I love the outdoors. It is where I am most at peace and feel closer to God. I think I got this from my Dad. Maybe it is from my Indian heritage. I don't know. I do know that God is everywhere and in everything. I know that every person that I encounter today is his creation. I must remember that the actions I take with even his most irritating creation, is far more important than reading my e-mails, doing my laundry or doing reports at work. Those things can be important too, but not at the expense of failing to show God to others through your daily actions.
These daily meditations remind me in this first day of ordinary time of the importance of my day being one of prayer. Each load of laundry, each errand I run each action I take should be done in light of what Jesus would have done. I think I needed that reminder.

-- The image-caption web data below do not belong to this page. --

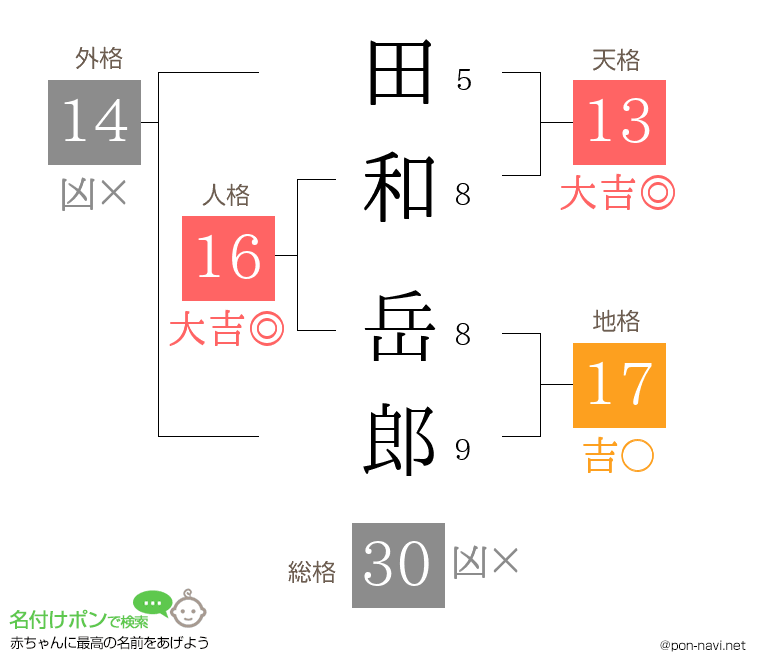 田和 岳郎さんの姓名判断結果
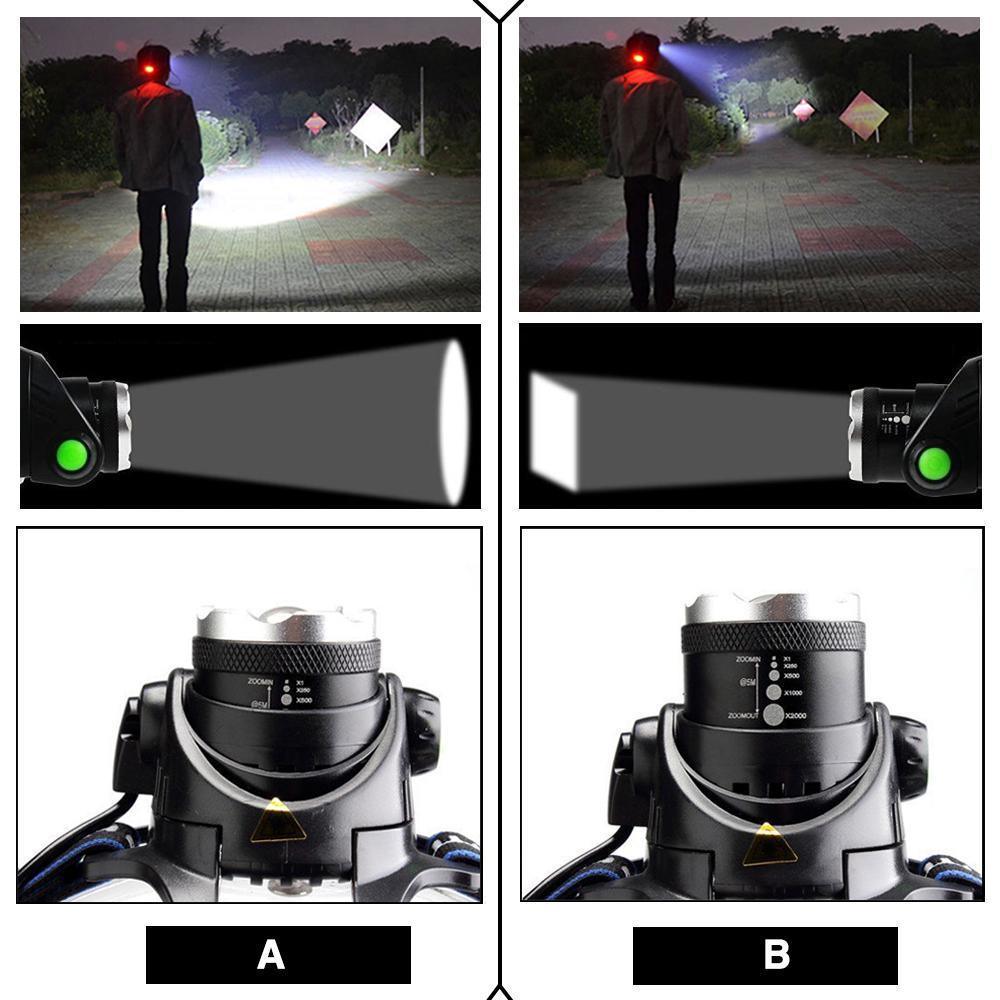Rechargeable LED  Headlamps Ultra-bright High lumens Zoomable Waterproof LED Headlight Head Torch Flashlight Head Lamp For Fishing  Hands-Free Headlight Stevvex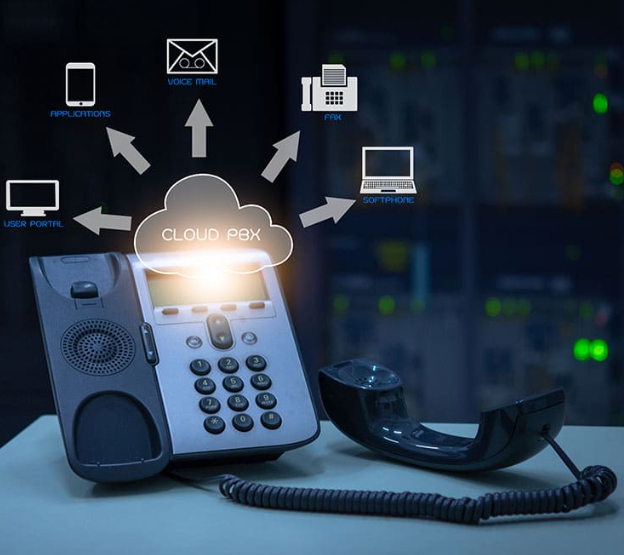 Why Cloud PBX is the Ideal Phone System for Modern Businesses
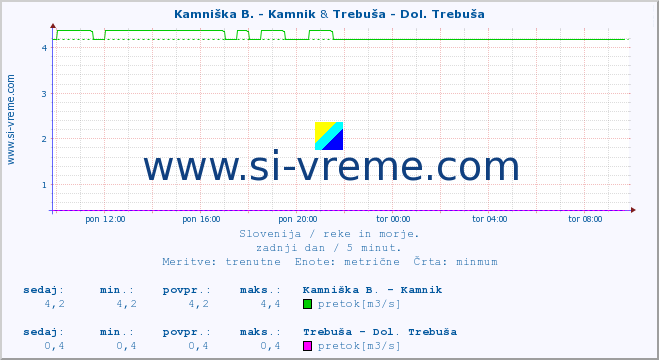 POVPREČJE :: Kamniška B. - Kamnik & Trebuša - Dol. Trebuša :: temperatura | pretok | višina :: zadnji dan / 5 minut.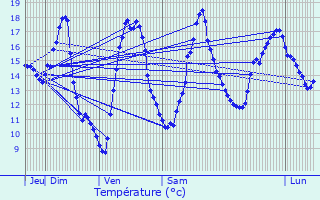 Graphique des tempratures prvues pour Bussire-Badil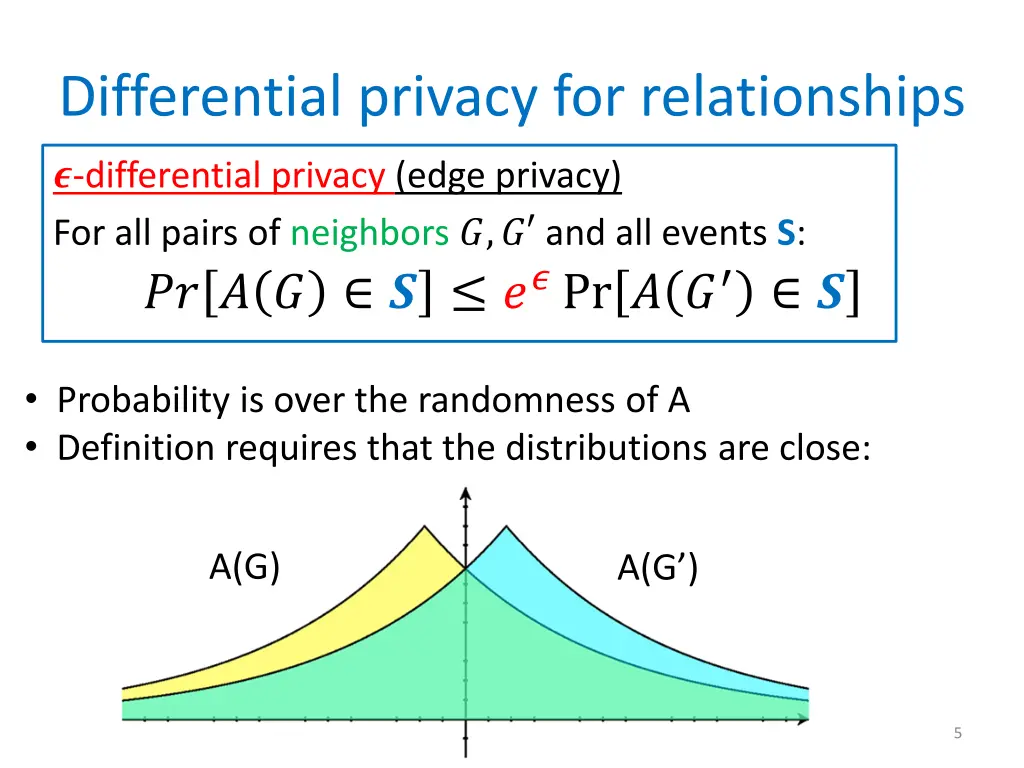 differential privacy for relationships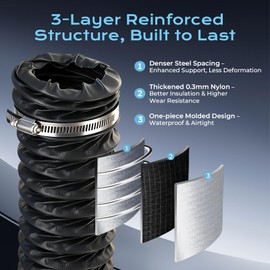 Semboh 4 Inch Flexible Exhaust Duct Hose 3FT with 2 Clamps, Nylon Air Duct for Bathroom Exhaust Fan, Ceiling Vent, Utility Room Ventilation, Black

I can't control my son. I can't control whether or not he heals from his addiction. I can only control my actions. This is where God wants us to focus. This is where I will heal enough to deal with either outcome. I think my son is better, but who knows. I must not hinge my every action on that. I must be the person that God intends for ME to be. I think he intends for me to trust him with the care of my son, no matter what.
Today, I begin this day and season and year with a prayer that I am able to do God's will for me each minute of each day. I pray for the strength to give my son's care to God. I pray for an increase in faith. I pray for each of you to be able to do the same in your individual situations. I pray for healing for my son and as always, I pray for Henry.